Its interesting for me having attended a few creative industry events in the past two years to hear the same messages re the arrival a new era. An era in which a new paradigm is required. One that focuses on social values and people, the environment and creativity opposed to purely economic returns. As President Clinton put it not long after he left office “I made a fundamental error, I failed to invest in people”. The same messages across sectors and across the world are singing out loud and clear.

An interesting speaker from New Zealand (Dr Manuka Henare) talked about how the challenge for his rural communities “was not just to survive but to be significant”. He talked about how he saw his role in life to be a “place maker”. For me, that is at the heart of my involvement in arts. I think that we all want to feel a sense of personal and community significance and the arts in their various forms contribute massively to who we are, our sense of place and community.

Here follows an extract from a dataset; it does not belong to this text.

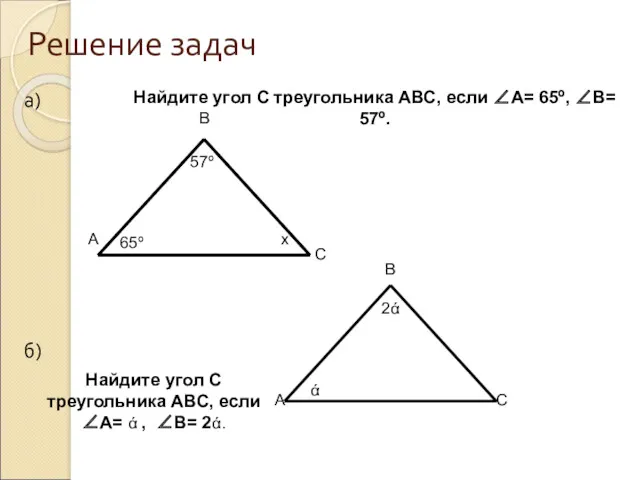 Решение задач а) б) 65º 57º В С А х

I have been musing over the interesting paradox that as we move towards more and more of a global economy and as we become a ‘global village’, how there has been a massive increase in very localised financial institutions and micro finance schemes. Globalisation encourages and supports localism it would seem. It seems counter intuitive. This is very exciting I think for small rural communities with high levels of global recognition like Shetland– it means that we get to compete at a truly international level.

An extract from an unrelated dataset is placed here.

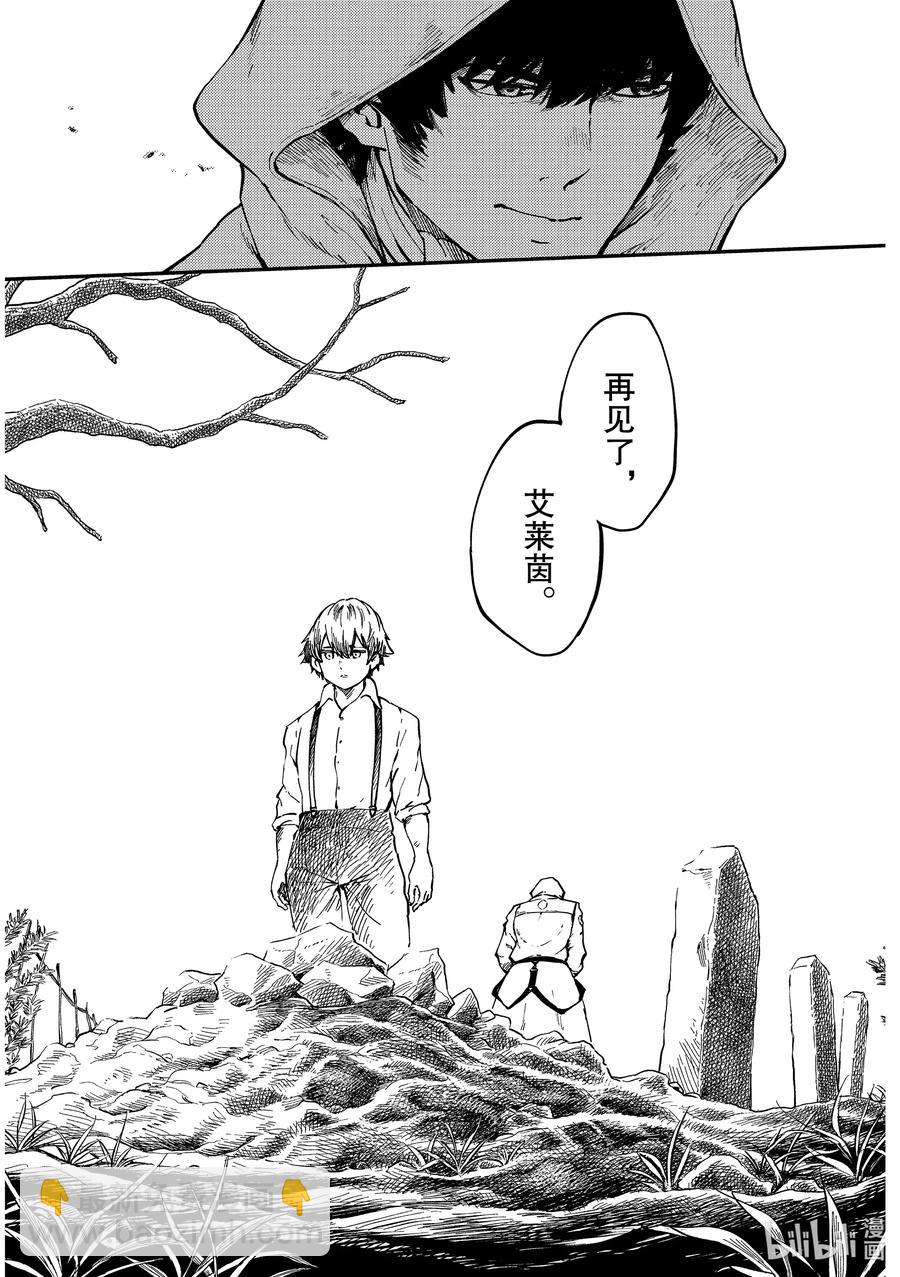 《猎兽神兵（致曾为神之众兽）》67 惜别 第12页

Last night I attended the conference gala dinner. The highlight being a performance by Debora Cheeton an international opera singer and one of just three aboriginal opera singers. She told a compelling and moving story about her life interspersed with a range of songs. The very matter of fact why she described herself as one of the “taken generation” – taken from her aboriginal family at birth and placed with a white family was shocking, moving, disturbing and so so recent in terms of history. There will have been people in the audience whose parents will have been those doing the taking. Its amazing to think that it wasn’t until the late sixties that the aboriginal people of Australia existed in law, as people – until that point they were categorised as ‘wild life’!

So far I have attended the following seminars: Look before you leap – preparing your enterprise for growth; Building the right muscles – selecting the right legal and governance structure and a master class on mergers and acquisitions.

Tomorrow I’m off on a site visit to an arts and media based social enterprise in Melbourne city. I looking forward to getting outside – there is only so long that I can stay in one building. More news to follow.